A capacidade de emprestar presença a fantasmas e projeções é uma característica comum entre o discurso cinematográfico e o sentimento amoroso, e nos últimos dias as telas de Cannes estiveram especialmente povoadas por histórias ao redor dessas “encarnações”. Na competição, por exemplo, dois filmes asiáticos vieram propor olhares distintos sobre uma juventude “desencantada” e sua necessidade de tentar completar alguns de seus vazios através da projeção do desejo do amor em personagens que surgem repentinamente em suas vidas.

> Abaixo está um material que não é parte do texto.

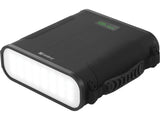 Survivor Powerbank 9in1 144000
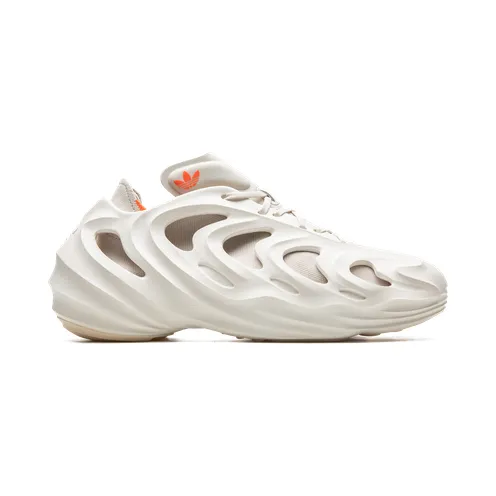 adidas-adifom-q GY4455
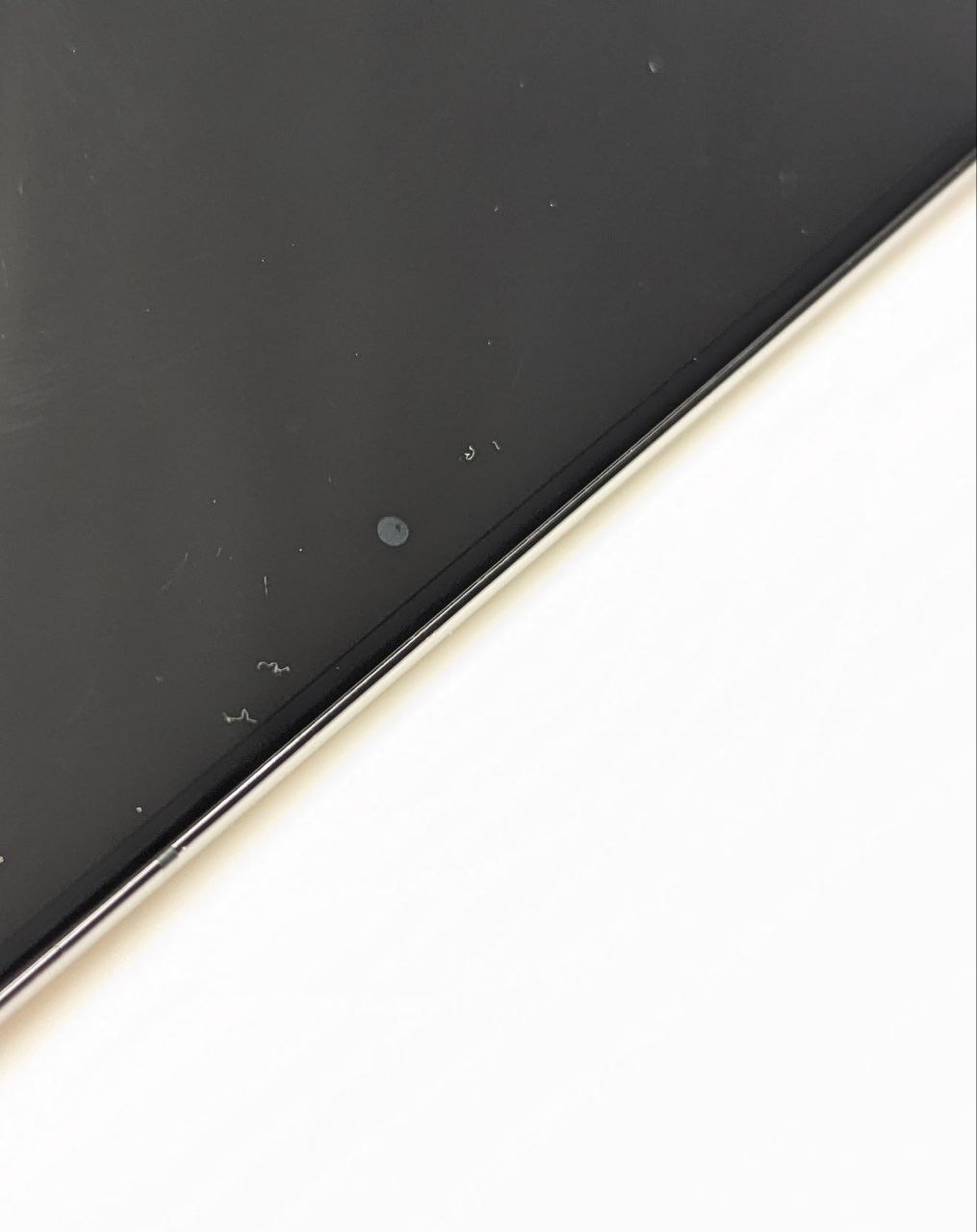 thumb Smartfon Samsung Galaxy S22 Plus 8 GB / 128 GB 5G czarny (Używany)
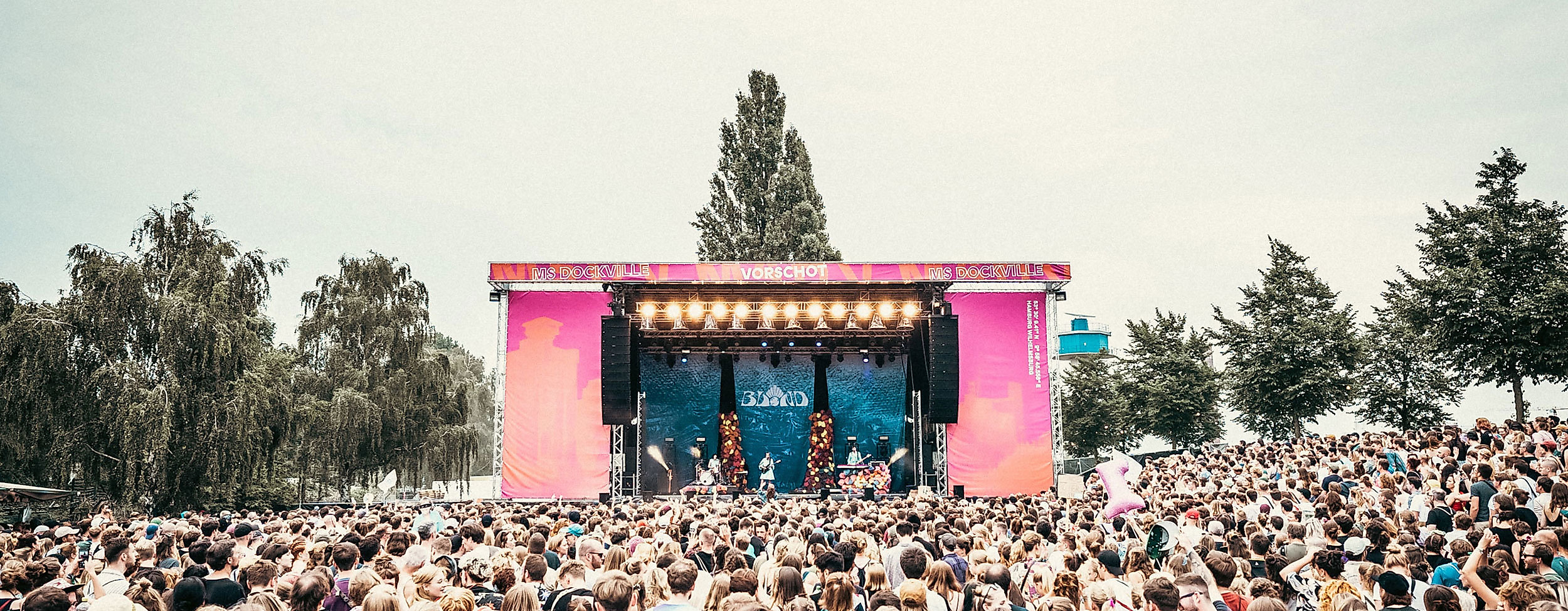 poi-dockville-hamburg_hamburg_blond_c_sebastian_madej_dsc09196_19.August_2023_2500x1500_web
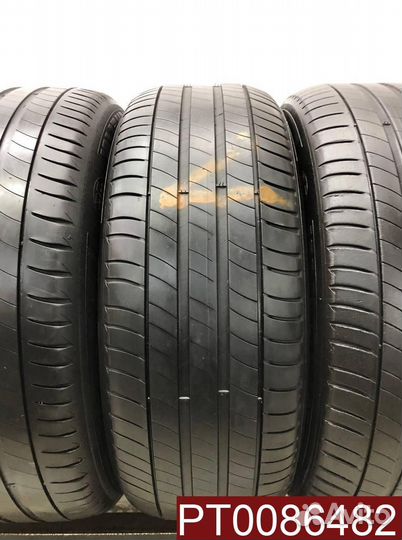 Michelin Primacy 3 225/55 R17 98H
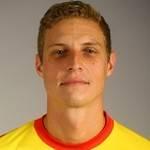 https://img.833zhibooo.com.cn/img/football/player/093dc6ce05fb8e4012117b31d6f0b3a9.png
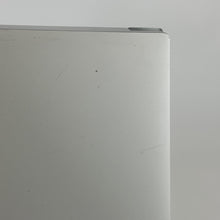 Load image into Gallery viewer, Dell XPS 15 9520 Silver 2.3 GHz Intel Core i7 12th Gen. 32GB RAM 1TB Solid State Drive NVIDIA GeForce RTX 3050 Ti 4 GB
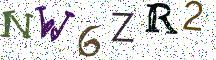 NW6ZR2
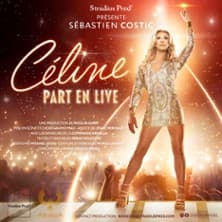 Céline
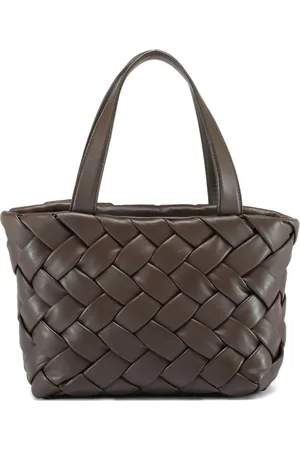 Officine creative Borsa tote Diane 001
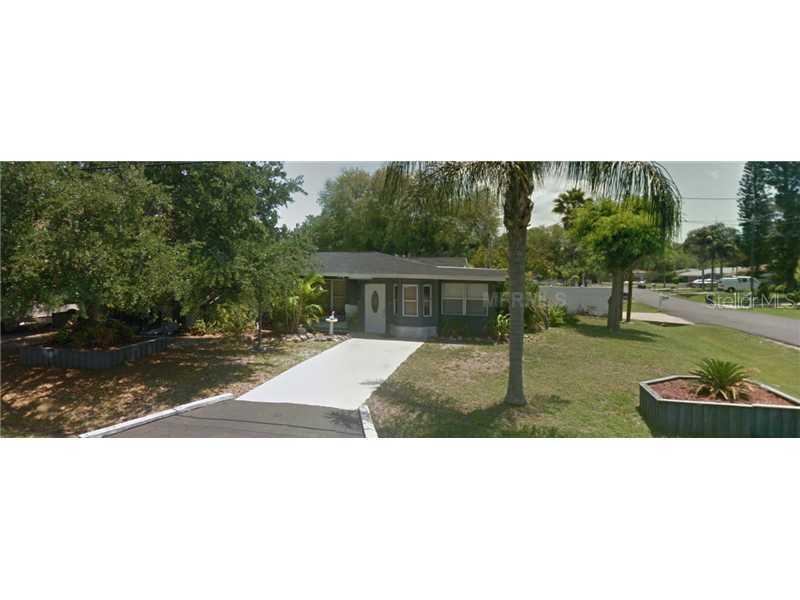 4426 Brooksdale Dr., Sarasota, FL 34232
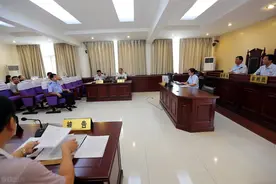自己公司因为商业承兑汇票被别人追索了怎么办？图片
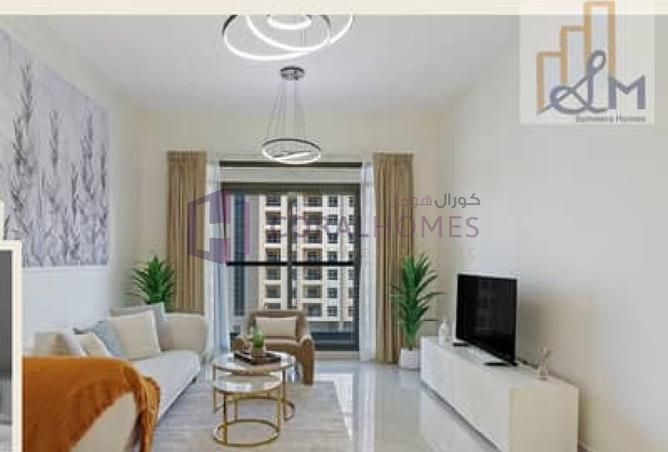 15608389 - صورة العقار 2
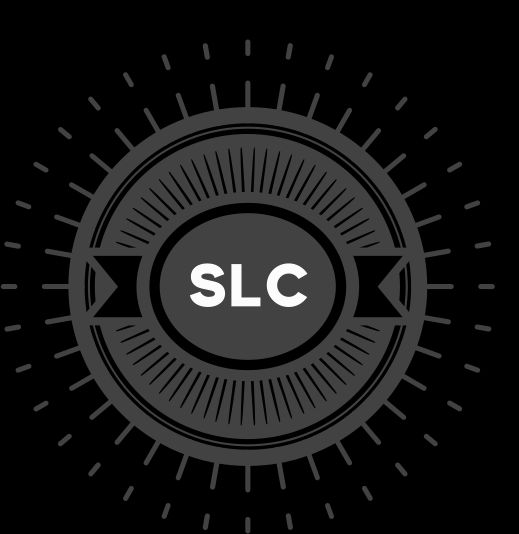 Logo Sous les cerisiers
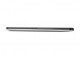 Tablet Lenovo IdeaPad Miix 310 Wifi - 64GB 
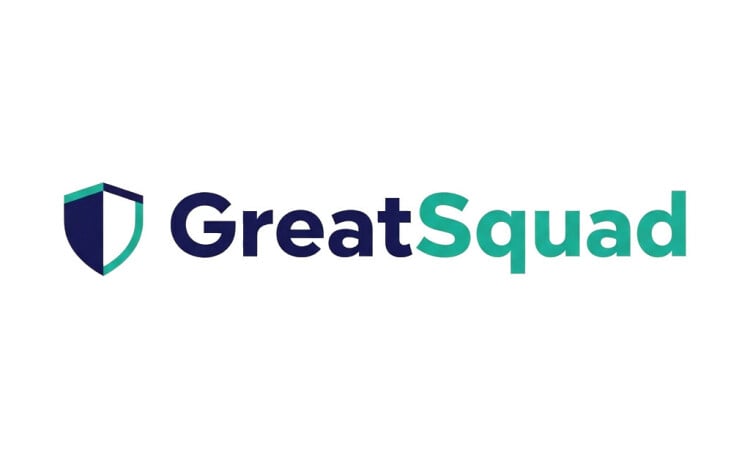 GreatSquad logo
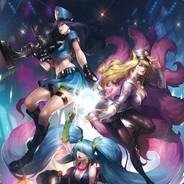 放下枪械落地成包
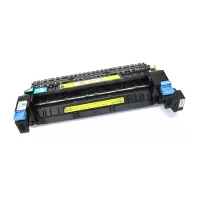 Hp Color Laserjet CP5525n Firin Unitesi
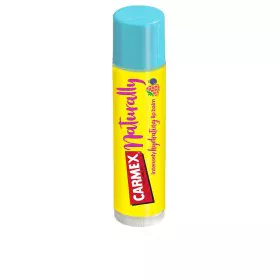 Balsamo Idratante Carmex Hi Anti-Age Stick Frutti rossi Volumizzatore per labbra (1 Unità) di Carmex, Balsamo - Rif: S0512131...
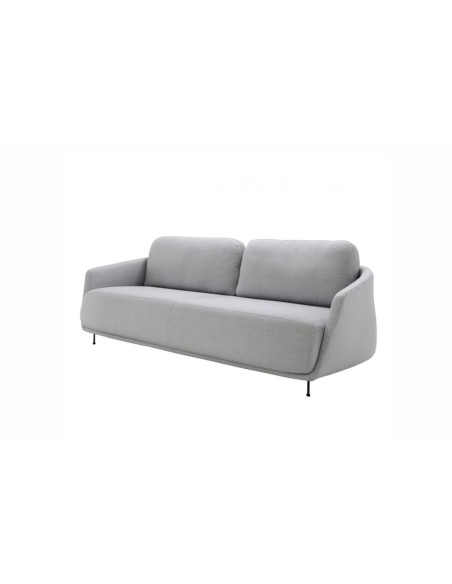 Divano Okura - Ligne Roset | Prezzi e Catalogo Online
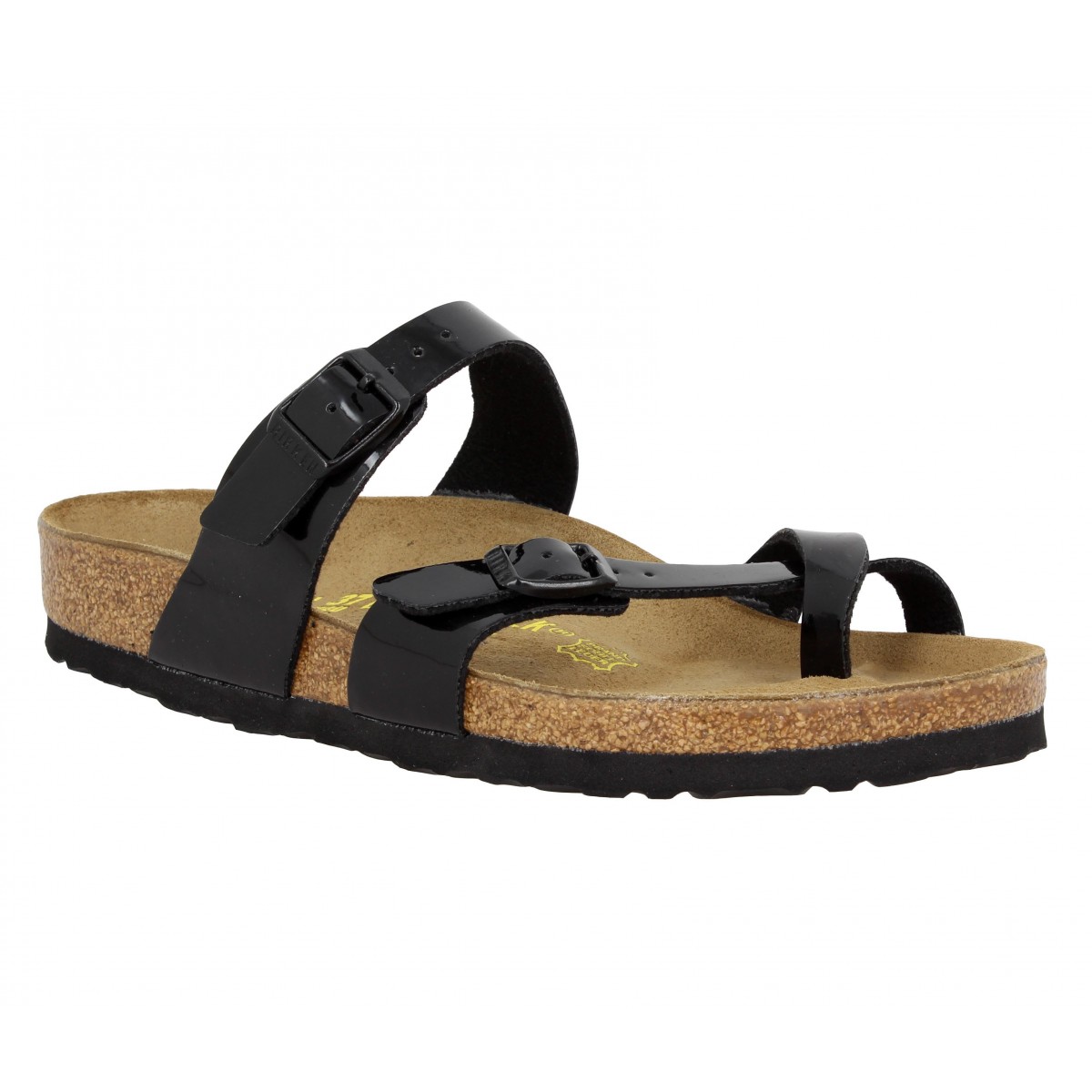 birkenstock mayari femme soldes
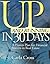 Up and Running in 30 Days: A Proven Plan for Financial Success in Real Estate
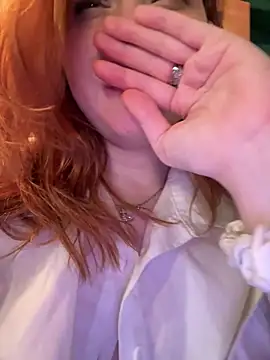 Freaky__Nikki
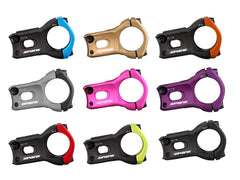 Spank Lenkervorbau Split 35 stem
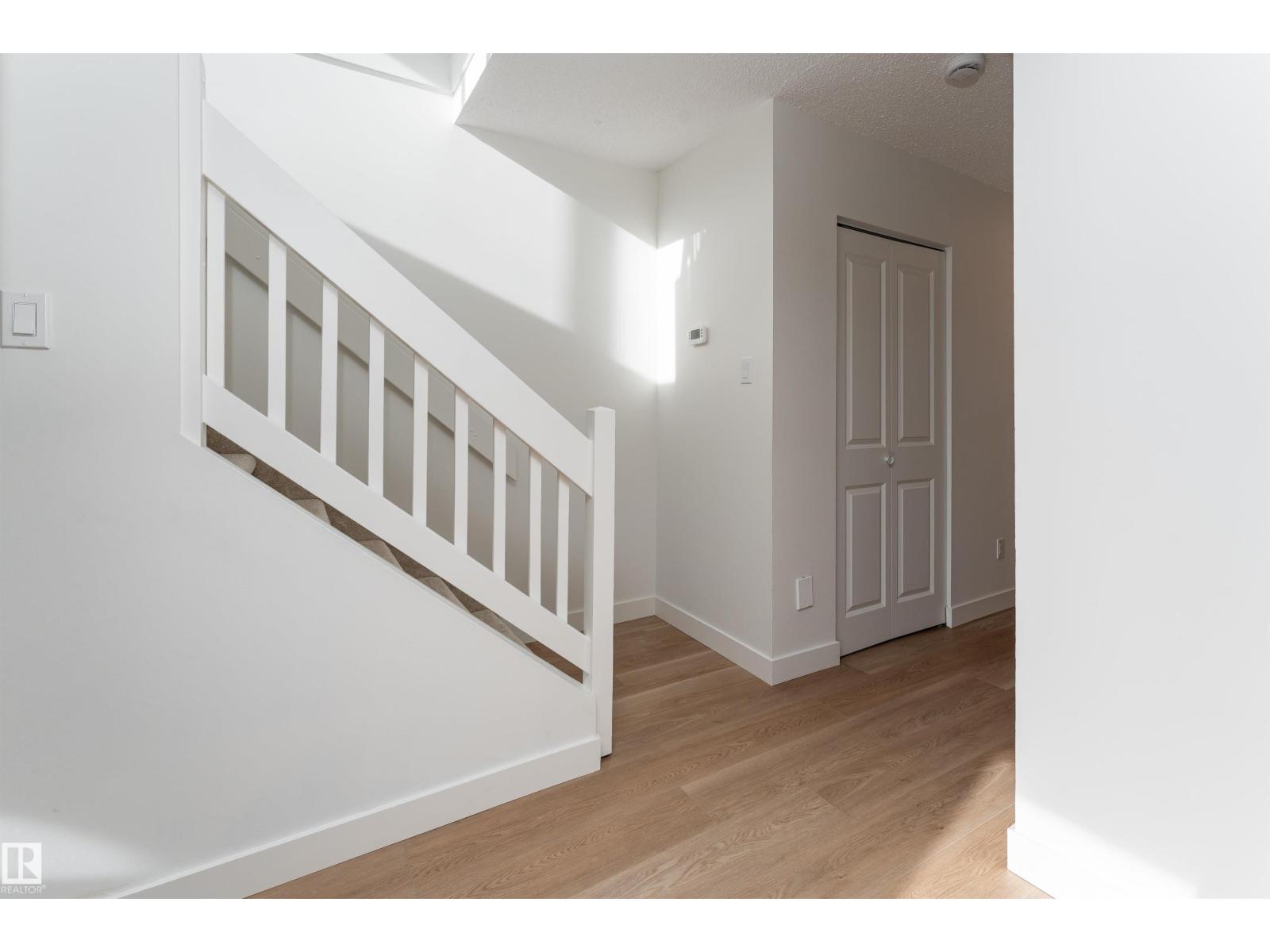 3108 142 AV NW - 12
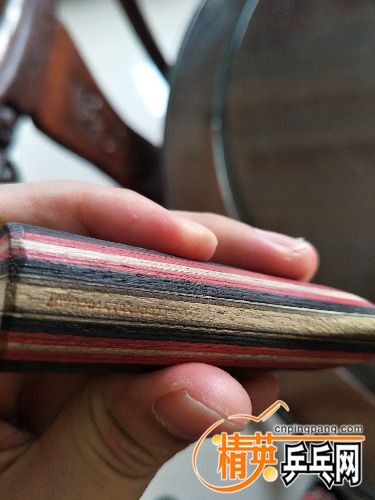IMG20170720113942.jpg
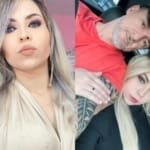 Ex de Daniel Cravinhos alfineta sobre pensão após descobrir traição: ‘Vacilão’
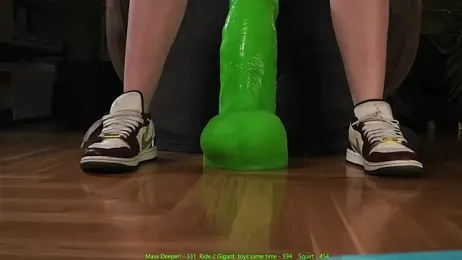 Kisakis — Stripchat stream photo (Mar 2026)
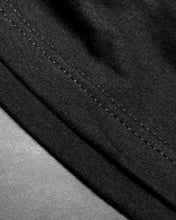 Load image into Gallery viewer, Bombshell Crew Neck Tee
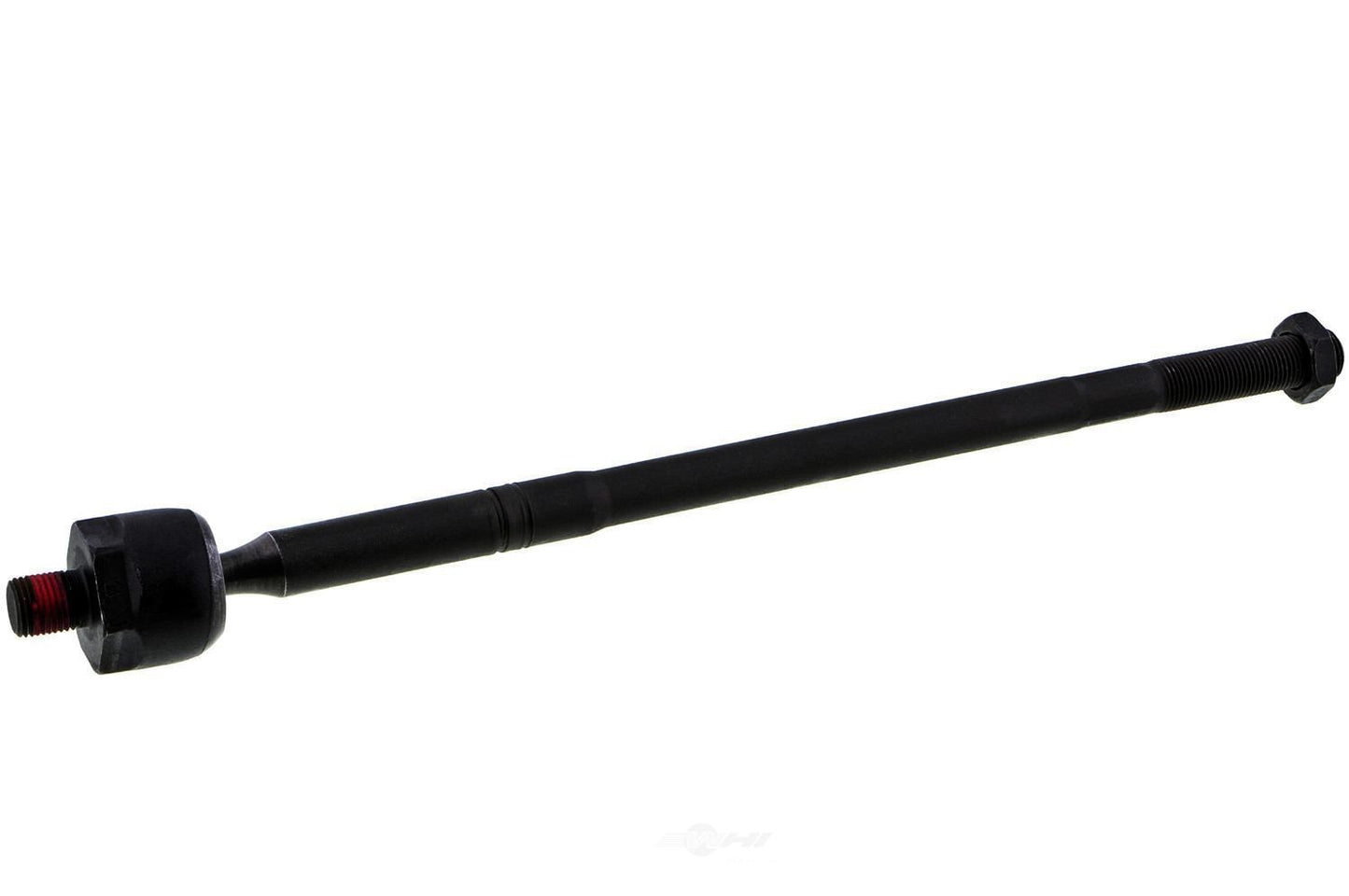 ACDelco Advantage MS40760 Steering Tie Rod End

No coreano Burning, novo filme de Lee Chang-dong (o primeiro em quase uma década), encontramos o protagonista Jongsu (Yoo Ah-in) já praticamente no momento em que ele é interpelado na rua por Haemi (Jun Jong-seo), uma conhecida de velhos tempos que mudou suas feições com uma cirurgia plástica (ou pelo menos é o que ela diz, porque logo descobriremos que as narrativas dela podem ser mais ou menos conectadas com fatos reais). Entre outras coisas, Haemi estuda a arte da pantomima e, como explica a Jongsu, nessa prática importa menos que algo esteja ou não presente, e sim que se acredite nessa presença. Jongsu logo vai levar essa sugestão para si, e projetar em Haemi a energia que pode alterar sua apatia, uma vez que no resto da sua vida não encontra nenhum porto comum em que se basear: sua mãe abandonou a família quando era criança, seu pai foi recentemente preso por um acesso de raiva em que atacou fisicamente um funcionário público, ele sonha em ser escritor enquanto trabalha com entregas. Na TV, notícias do desemprego que cresce entre os jovens coreanos, e da posse de Donald Trump nos EUA.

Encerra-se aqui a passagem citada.